Reprint all of the data below exactly as shown and skip every image.

PROVIDED MATERIAL Block Start

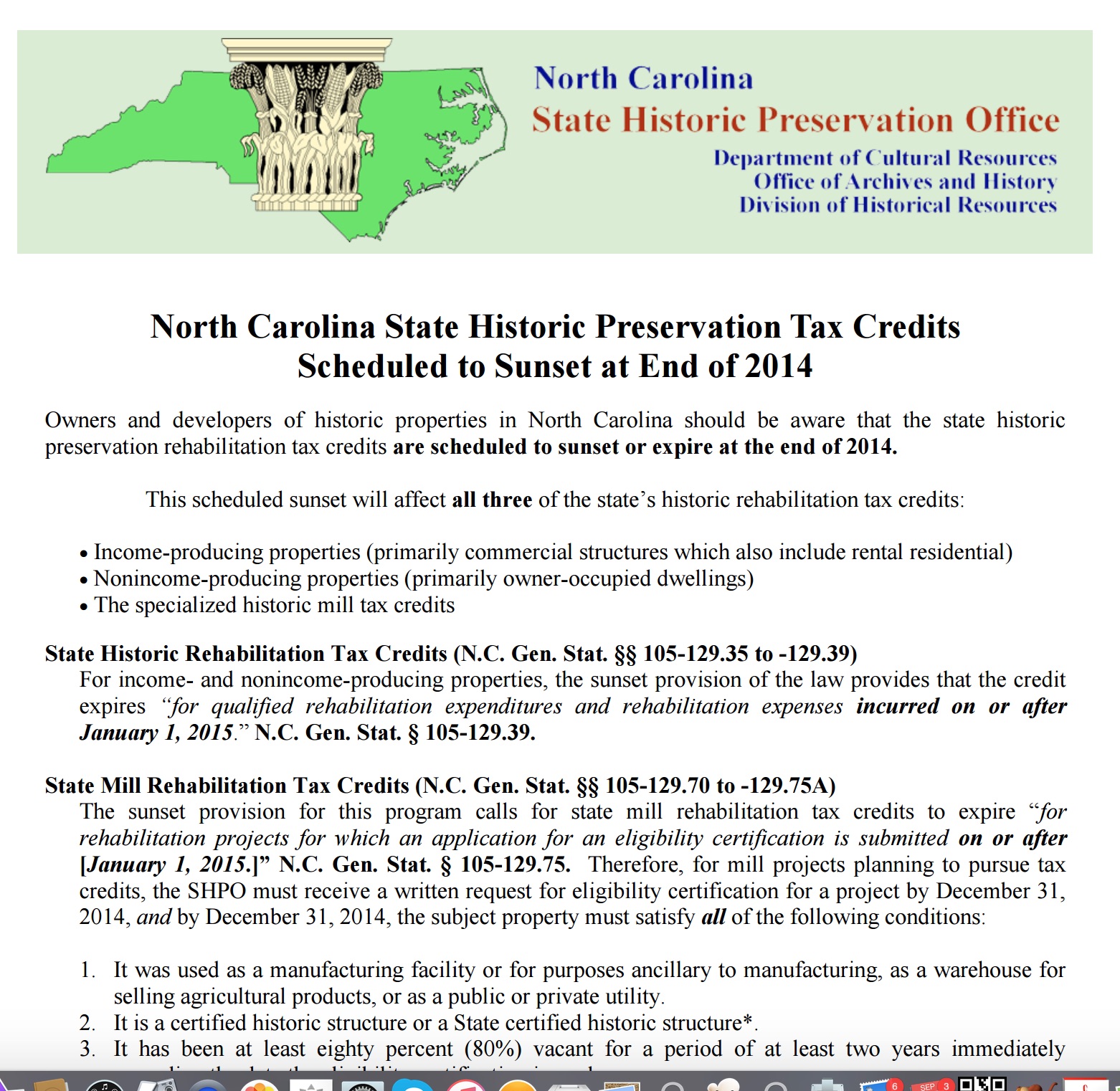 NC historical tax credit
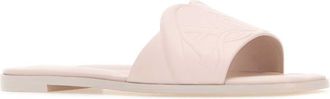 Alexander McQueen Womens Pastel Pink Leather Slippers Clayclay Flat Shoes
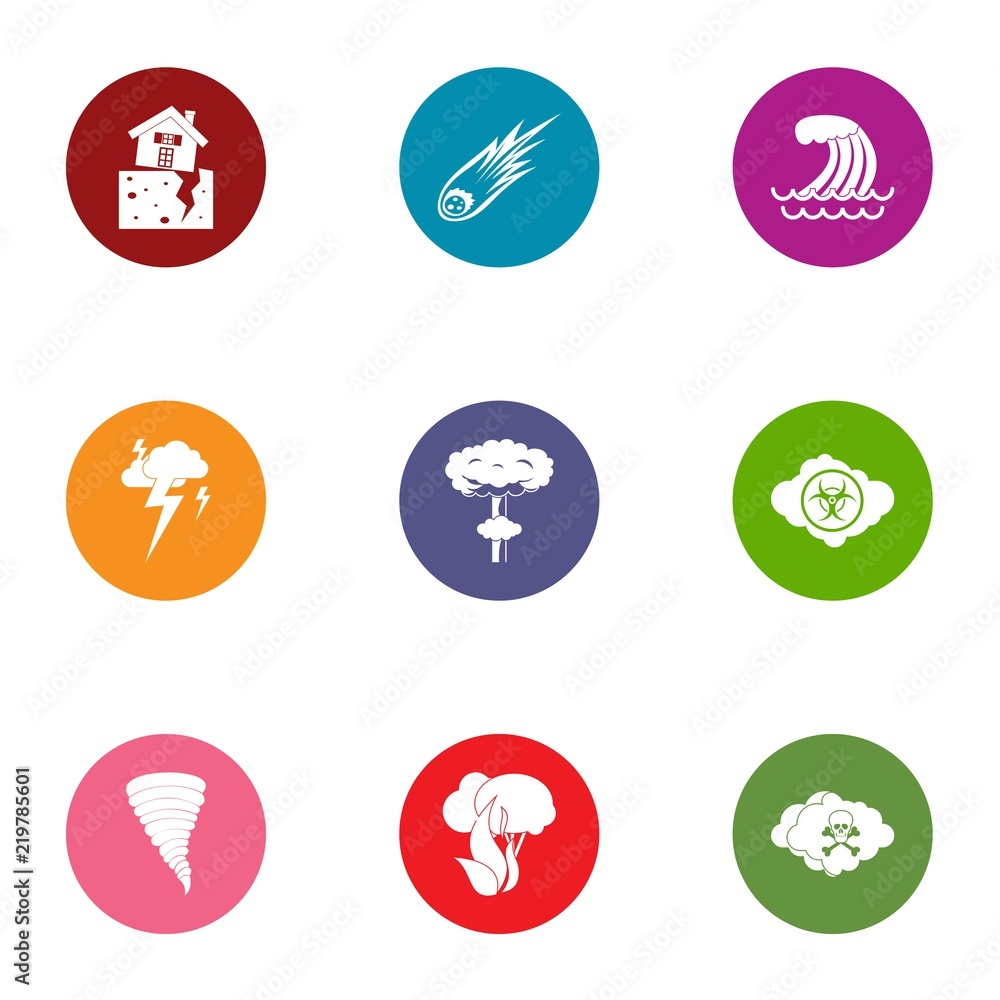Poster affliction icons set. flat set of 9 affliction vector icons for web isolated on white background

PROVIDED MATERIAL Block End

**SOLUTION TO THE EXERCISE**
 NC historical tax credit
 Alexander McQueen Womens Pastel Pink Leather Slippers Clayclay Flat Shoes
Poster affliction icons set. flat set of 9 affliction vector icons for web isolated on white background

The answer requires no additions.